La propagande est efficace, tous les rappels ont rassemblé les termes positifs, judicieusement placés les mots qui séduisent.
Du socialisme de la lutte des classes, ce qui aujourd’hui resterait d’actualité si boulevard de l’Empereur le bureau du PS avait encore des couilles, nous avons glissé à la collaboration active au marché libre pour faire du profit un credo socialiste !... Un comble !... Les plans sociaux chargés d’envoyer à la casse et à moindres frais les futurs chômeurs, les privant des moyens de vivre et de s’abriter décemment, c’est l’Etat providence qui y pourvoit !... Il fait semblant de s’intéresser aux gens qui finissent dans la rue, pour éviter au Profit trop d’accrochages qui nuiraient au bon renom de la Belgique à l’étranger, histoire que le Prince Philippe nous ramène de Chine quelques bons contrats et quelques vases cadeaux pas trop ébréchés.
Voilà 25 % de la population « assistée » que le réformisme actif d’accord avec le libéralisme tendance Francorchamps (voir la kublamania) réduits à l’humiliation, alors que les héritiers du Profit sont de toutes les surprise-party des serres de Laeken et des Rotary, membres de la belle société et à coup sûr ennoblis, au moins barons, en fin de carrière…
Ce n’est pas anodin, l’échelle où nos grenouilles nationales nous parlent de la pluie pour nous et du beau temps pour eux.
Nos magazines sont unanimes, cette société, telle quelle, préserve de cette manière la cohésion sociale !
Comme sont devenus obsolètes, ridicules les mots : prolétariat, capitalisme, exploitation !
Quand on emploie ces archaïsmes, on passe pour un con.

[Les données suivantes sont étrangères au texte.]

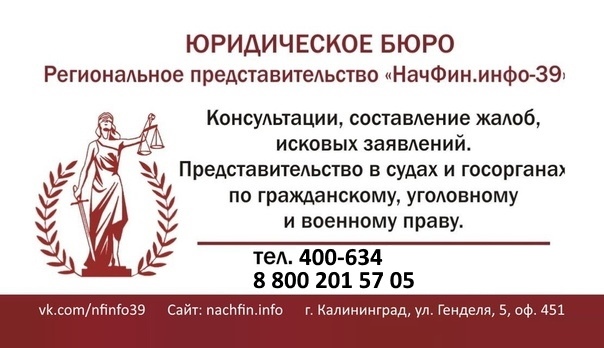 Инфо39 Интернет Магазин Калининград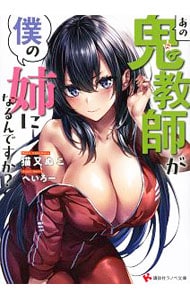 あの鬼教師が僕の姉になるんですか？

Allez parler de ça à ma tante et à Elio, pour voir ? Tout le bureau du boulevard de l’empereur risque de péter les varices de rire ; je vois d’ici Moureaux me traiter d’illuminé ringard, Laurette de plouc désinformé, d’inadéquat trouduc…
Tous incrédules, la main sur le bouton d’urgence, ils m’expulseraient vite fait de leurs profondes études, sans examen superfétatoire de mes diallèles malheureux.
Ils me rappelleraient, ces profondément sociétaires du profit, que le mur de Berlin est tombé et que Staline était pire qu’Hitler.
Je n’avais à la bouche l’interrogation que tout le ponde se pose « Où on va à cause de leurs combines avec les supporters du profit ? »
Comment la gauche en est-elle venue à l’amnésie de ses anciens objectifs d’égalité et de justice ? Comment peut-on aussi peu sentir un présent qui n’augure rien de bon de l’avenir ?
Qu’est-il arrivé pour que le peuple soit entre les mains de ces pitres ?
Pourquoi une telle impuissance à faire valoir le travail et à en faire profiter ceux qui produisent nos richesses ?
Pourquoi, à la logique du marché et du profit, n’y a-t-il plus aujourd’hui aucune opposition sérieuse ?
Quelque chose d’effrayant pointe à l’horizon : celui d’un discours totalitaire d’une démocratie confisquée par une dictature libérale du profit !
Un culte nouveau à un veau d’or inaccessible pour tous !...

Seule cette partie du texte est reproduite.